Dahlai - 6 months ago 35

Python Question

I am wondering why in numpy there are one dimensional array of dimension (length, 1) and also one dimensional array of dimension (length, ) w/o a second value.

I am running into this quite frequently, e.g. when using

`np.concatenate()`

`reshape`

`hstack`

`vstack`

I can't think of a reason why this behavior is desirable. Can someone explain?

It was suggested by on of the comments that my question is a possible duplicate. I am more interested in the underlying workings of Numpy and not that there is a distinction between 1d and 2d arrays which I think is the point of the mentioned thread.

Answer

The data of a `ndarray`

is stored as a 1d buffer - just a block of memory. The multidimensional nature of the array is produced by the `shape`

and `strides`

attributes, and the code that uses them.

The `numpy`

developers chose to allow for an arbitrary number of dimensions, so the shape and strides are represented as tuples of any length, including 0 and 1.

In contrast MATLAB was built around FORTRAN programs that were developed for matrix operations. In the early days everything in MATLAB was a 2d matrix. Around 2000 (v3.5) it was generalized to allow more than 2d, but never less. The `numpy`

`np.matrix`

still follows that old 2d MATLAB constraint.

If you come from a MATLAB world you are used to these 2 dimensions, and the distinction between a row vector and column vector. But in math and physics that isn't influenced by MATLAB, a vector is a 1d array. Python lists are inherently 1d, as are `c`

arrays. To get 2d you have to have lists of lists or arrays of pointers to arrays, with `x[1][2]`

style of indexing.

Look at the shape and strides of this array and its variants:

```
In [48]: x=np.arange(10)
In [49]: x.shape
Out[49]: (10,)
In [50]: x.strides
Out[50]: (4,)
In [51]: x1=x.reshape(10,1)
In [52]: x1.shape
Out[52]: (10, 1)
In [53]: x1.strides
Out[53]: (4, 4)
In [54]: x2=np.concatenate((x1,x1),axis=1)
In [55]: x2.shape
Out[55]: (10, 2)
In [56]: x2.strides
Out[56]: (8, 4)
```

MATLAB adds new dimensions at the end. It orders its values like a `order='F'`

array, and can readily change a (n,1) matrix to a (n,1,1,1). `numpy`

is default `order='C'`

, and readily expands an array dimension at the start. Understanding this is essential when taking advantage of broadcasting.

Thus `x1 + x`

is a (10,1)+(10,) => (10,1)+(1,10) => (10,10)
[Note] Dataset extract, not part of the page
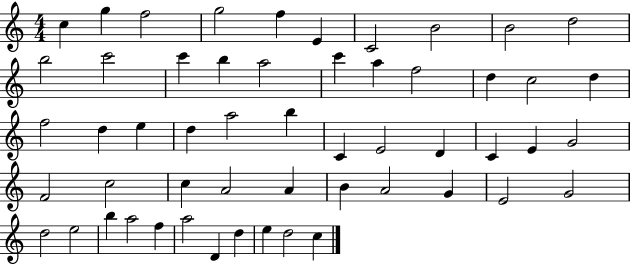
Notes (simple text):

C5/q G5/q F5/h G5/h F5/q E4/q C4/h B4/h B4/h D5/h B5/h C6/h C6/q B5/q A5/h C6/q A5/q F5/h D5/q C5/h D5/q F5/h D5/q E5/q D5/q A5/h B5/q C4/q E4/h D4/q C4/q E4/q G4/h F4/h C5/h C5/q A4/h A4/q B4/q A4/h G4/q E4/h G4/h D5/h E5/h B5/q A5/h F5/q A5/h D4/q D5/q E5/q D5/h C5/q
Because of broadcasting a `(n,)`

array is more like a `(1,n)`

one than a `(n,1)`

one. A 1d array is more like a row matrix than a column one.

```
In [64]: np.matrix(x)
Out[64]: matrix([[0, 1, 2, 3, 4, 5, 6, 7, 8, 9]])
In [65]: _.shape
Out[65]: (1, 10)
```

The point with `concatenate`

is that it requires matching dimensions. It does not use broadcasting to adjust dimensions. There are a bunch of `stack`

functions that ease this constraint, but they do so by adjusting the dimensions before using `concatenate`

. Look at their code (readable Python).

So a proficient numpy user needs to be comfortable with that generalized `shape`

tuple, including the empty `()`

(0d array), `(n,)`

1d, and up. For more advanced stuff understanding strides helps as well (look for example at the strides and shape of a transpose).